Вопрос о том, почему Портленд, проще, чем кажется: ни к Портленду, штат Орегон, ни к Портленду, штат Мэн, ни к австралийскому Портленду, штат Виктория, данный текст отношения не имеет. В первоначальном наброске был «Бристоль». Окуджавовская тайнопись всегда прозрачна: Портленд – родная земля, порт приписки, только и всего. Воротимся в порт, «нас примет Родина в объятья». Песня – как раз о побеге от Родины, о желании абстрагироваться от нее наконец; и в этом смысле она – важная веха на переломе от «Солдатской песни» к «Римской империи», от усталой боли за родную страну – к освобождению от всякой ответственности за нее. Дальше окуджавовский солдат воюет отдельно – только за свой полк и личный двор.

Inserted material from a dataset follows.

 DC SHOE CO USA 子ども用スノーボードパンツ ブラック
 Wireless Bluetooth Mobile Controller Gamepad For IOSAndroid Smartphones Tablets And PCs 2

Датировка песни – как почти всегда, проблема: первые наброски в черновом блокноте помечены апрелем 1982 года, первые исполнения отмечены осенью. «Портленд» соединялся в сознании первых слушателей с отъезжантами-невозвра-щенцами. О песне ходило множество слухов: например, что она посвящена памяти Галича (погибшего в 1977 году), написана на отъезд Войновича (1980), Владимова (1983), Неизвестного (1976), Гладилина (1976), что посвящена Виктору Некрасову (вынужденно уехавшему еще в 1974 году). В конце семидесятых Окуджава сочинил песенку-четверостишие, процитированную Аксеновым в романе «Остров Крым» (1978):
Интересная параллель – Бродский тоже любил мастерскую Мессерера, один из центров диссидентской, контркультурной и просто артистической Москвы, и тоже посвятил ему короткий стишок, и тоже зарифмовал фамилию – тут разница творческих методов особенно наглядна: «Когда я вспоминаю в США о милом Боре Мессерере – сжимается моя душа, как будто грешная душа при первых звуках Miserere»; у Бродского культурней, у Окуджавы веселей.